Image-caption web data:

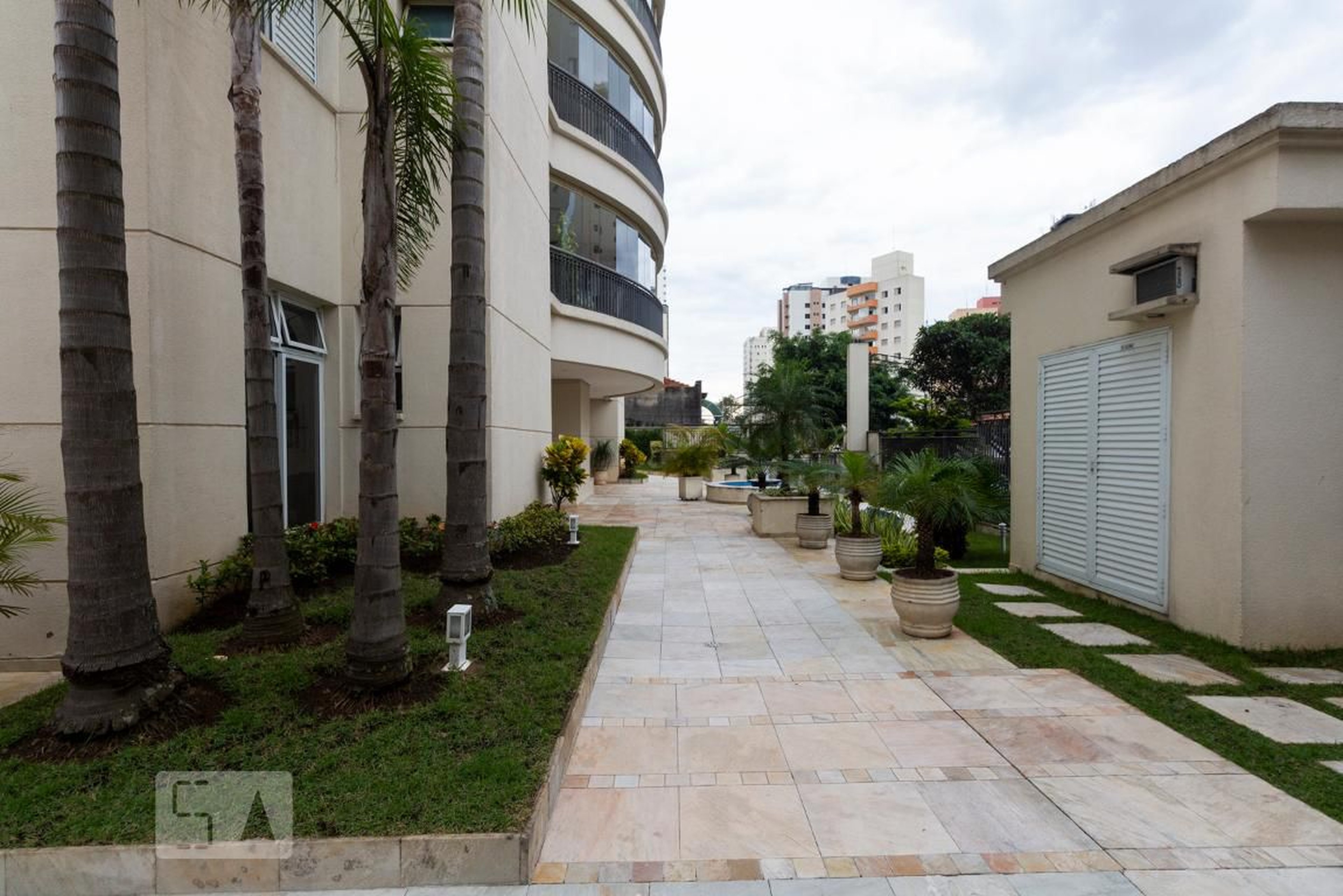 Área Externa - Kios Family Club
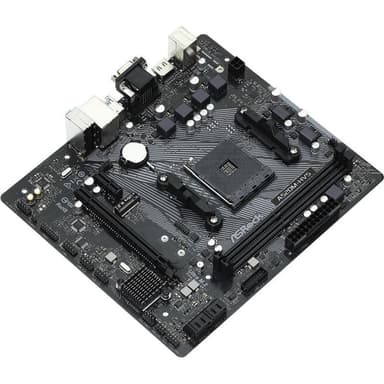 ASROCK MB ASRock A520M-HVS SAM4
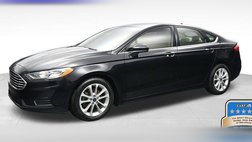 2020 Ford Fusion Hybrid SE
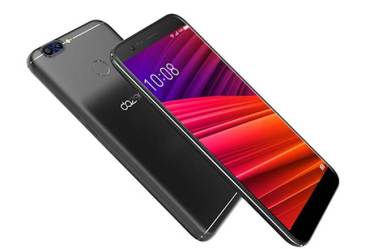 The 5.7-inch HD plus device with an aspect ratio of 18:9 sports a 3MP+0.3MP AF dual rear camera and 5MP front camera. 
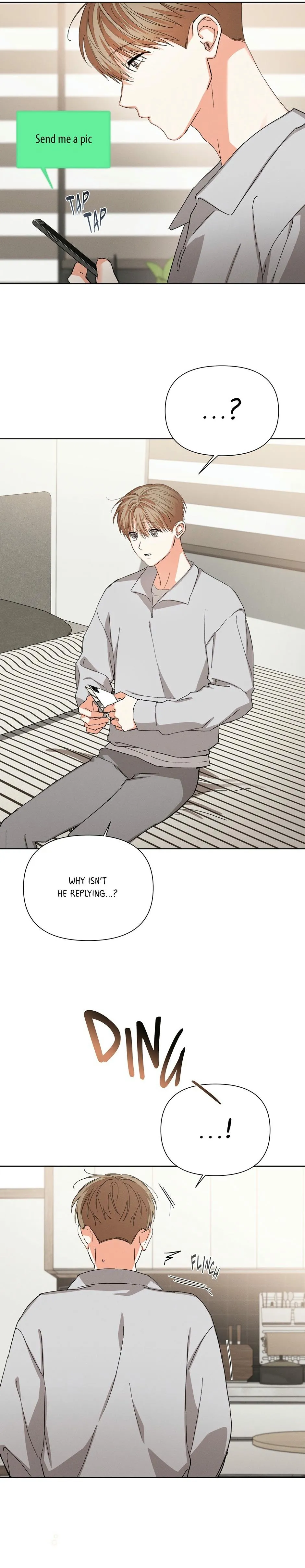 Nine to Nine Chapter 74 page 8 - 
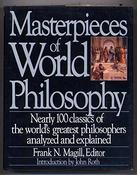 Frank N Magill / Masterpieces of World Philosophy (Coffee Table Book) image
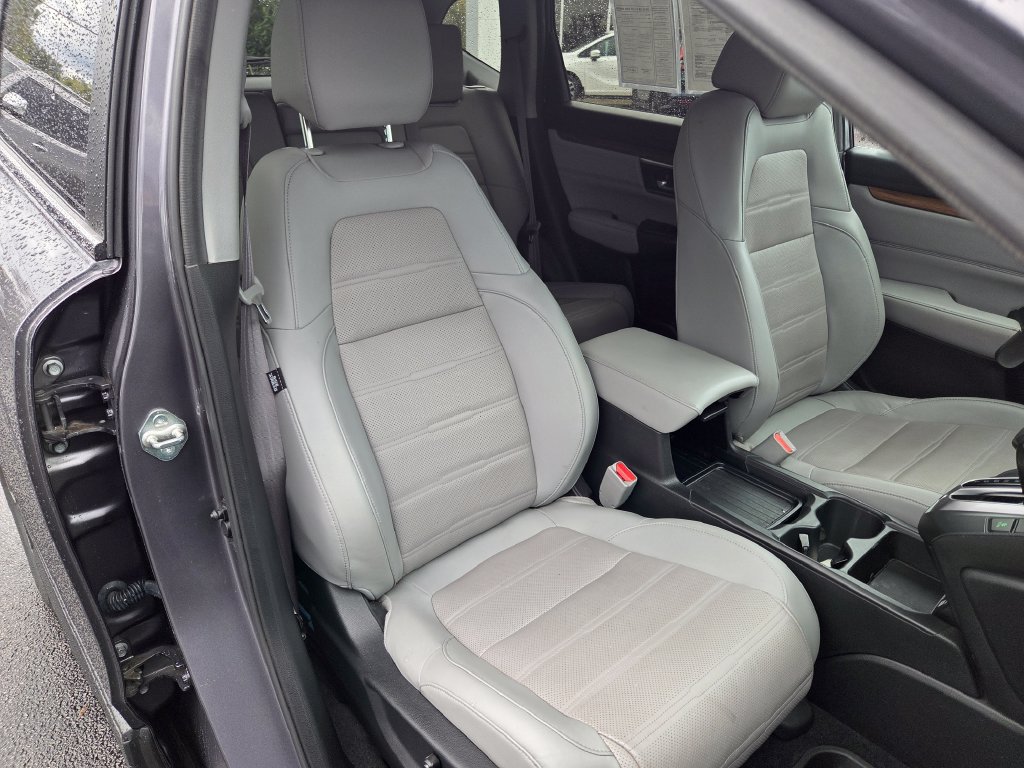 Certified 2022 Honda CR-V EX-L image 30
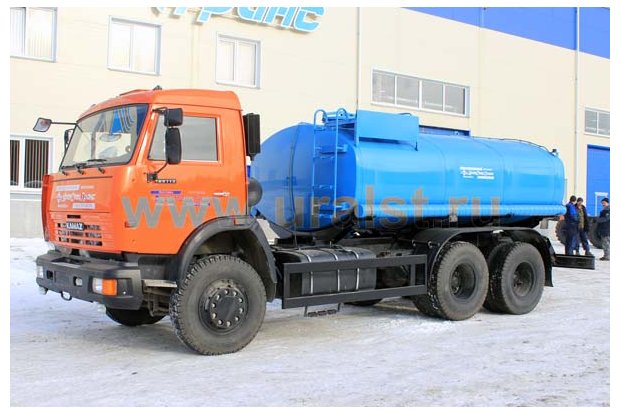 АЦВ-12Т (56274-04) КАМАЗ 65115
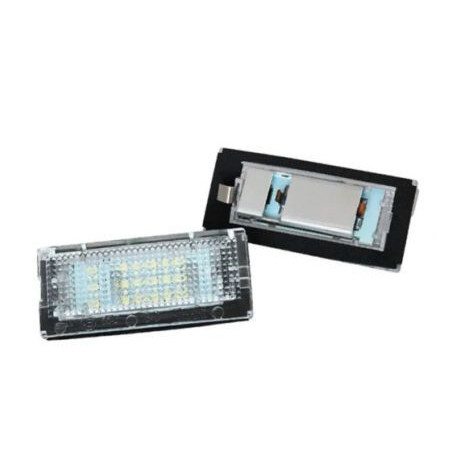 Плафони за осветление на задния номер за BMW 46 sedan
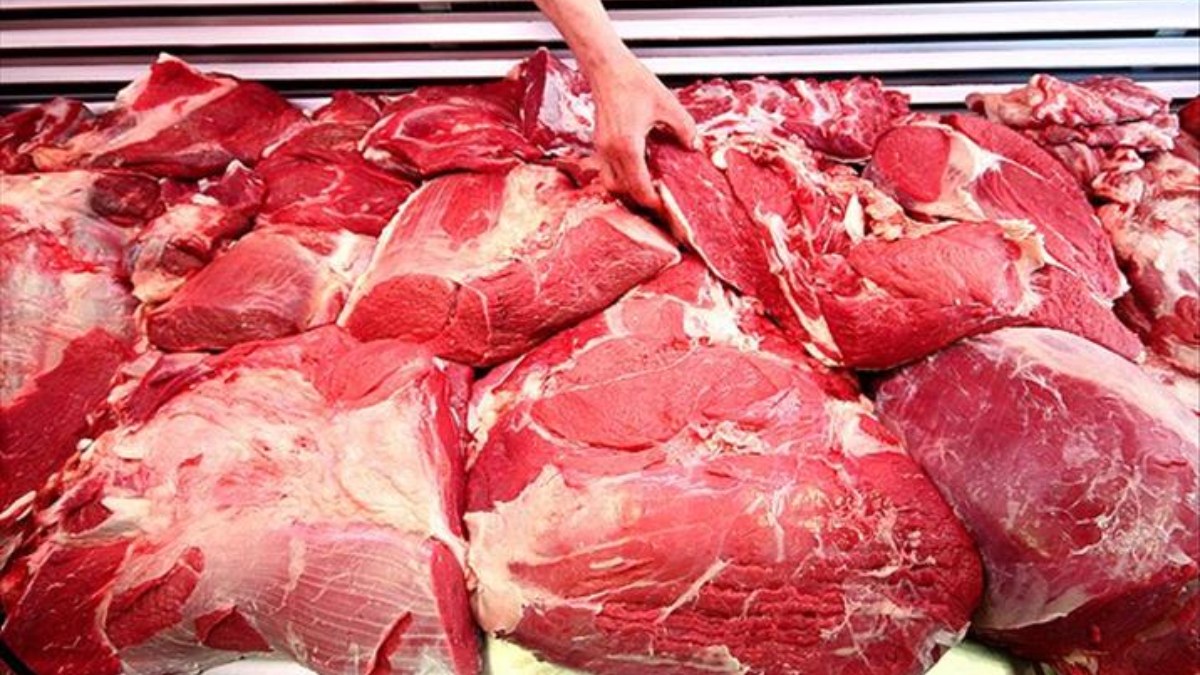 Adana'da günlük 35 ton kırmızı et tüketiliyor!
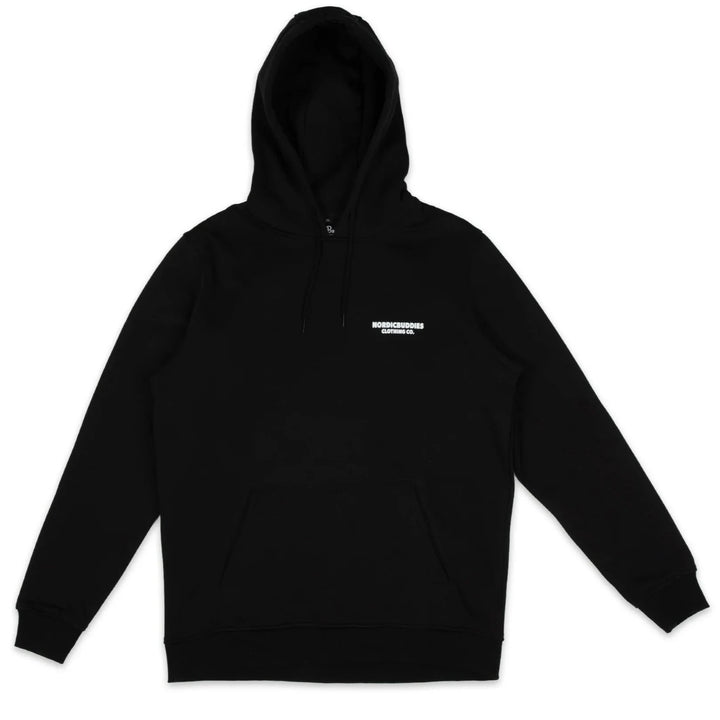 Moomin Muumipeikon Temperamentti hoodie black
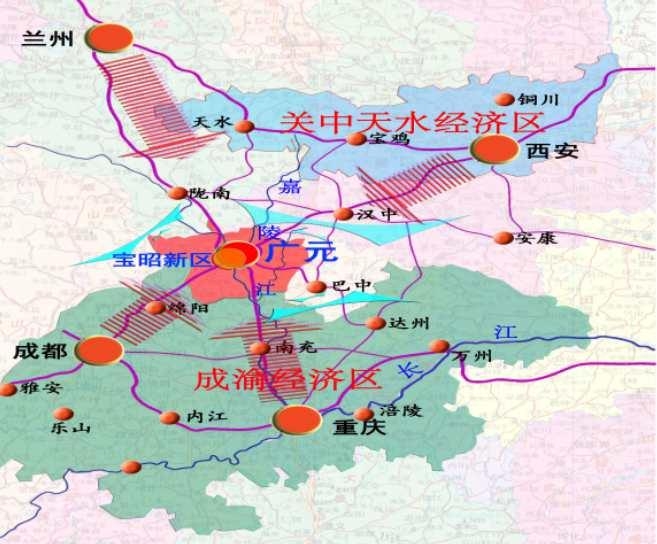 广元三江新区最新消息,广元三江新区最新动态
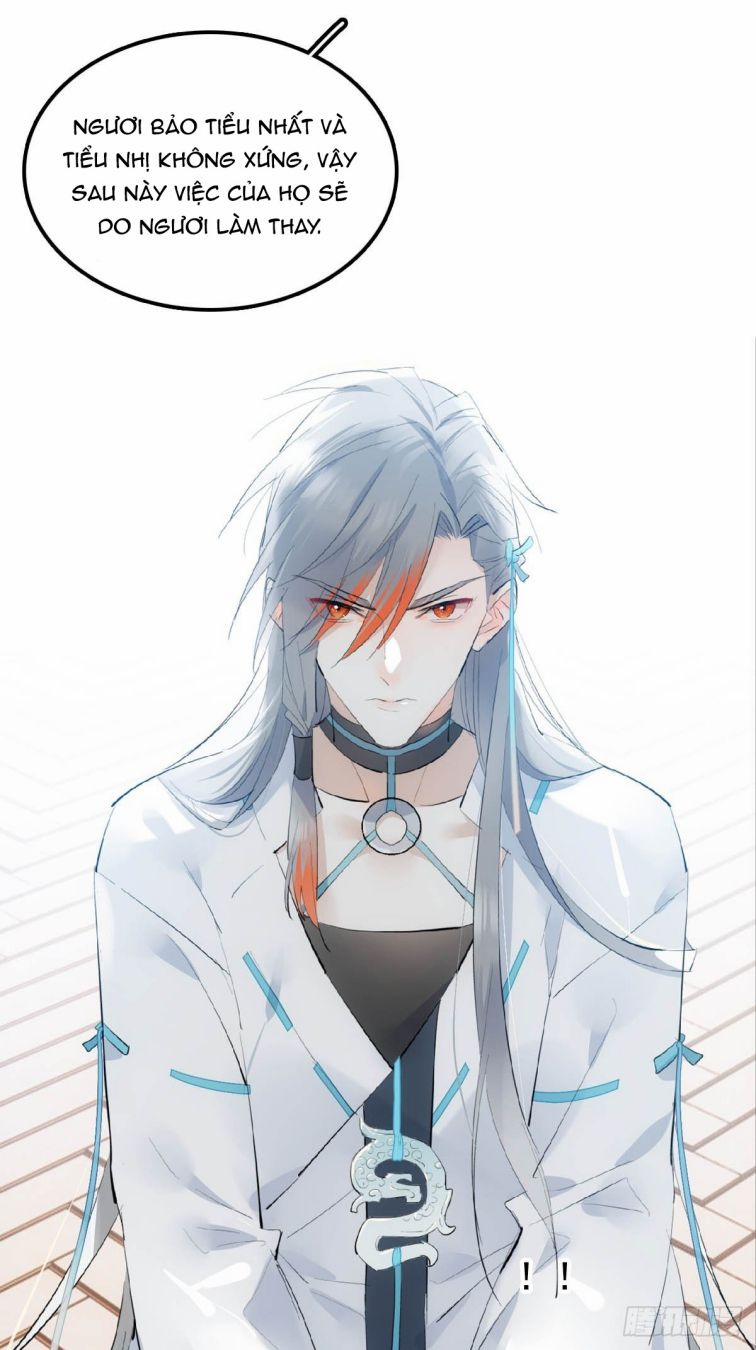 Tiên Ma Quấn Quýt 7 trang 15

■ **Work required**
Starting from the first line of the entries above, print each line exactly until the line containing "Nine to Nine" has been printed, and skip the pictures.

■ **Solution**
 Área Externa - Kios Family Club
 ASROCK MB ASRock A520M-HVS SAM4
 2020 Ford Fusion Hybrid SE
 The 5.7-inch HD plus device with an aspect ratio of 18:9 sports a 3MP+0.3MP AF dual rear camera and 5MP front camera. 
 Nine to Nine Chapter 74 page 8 - 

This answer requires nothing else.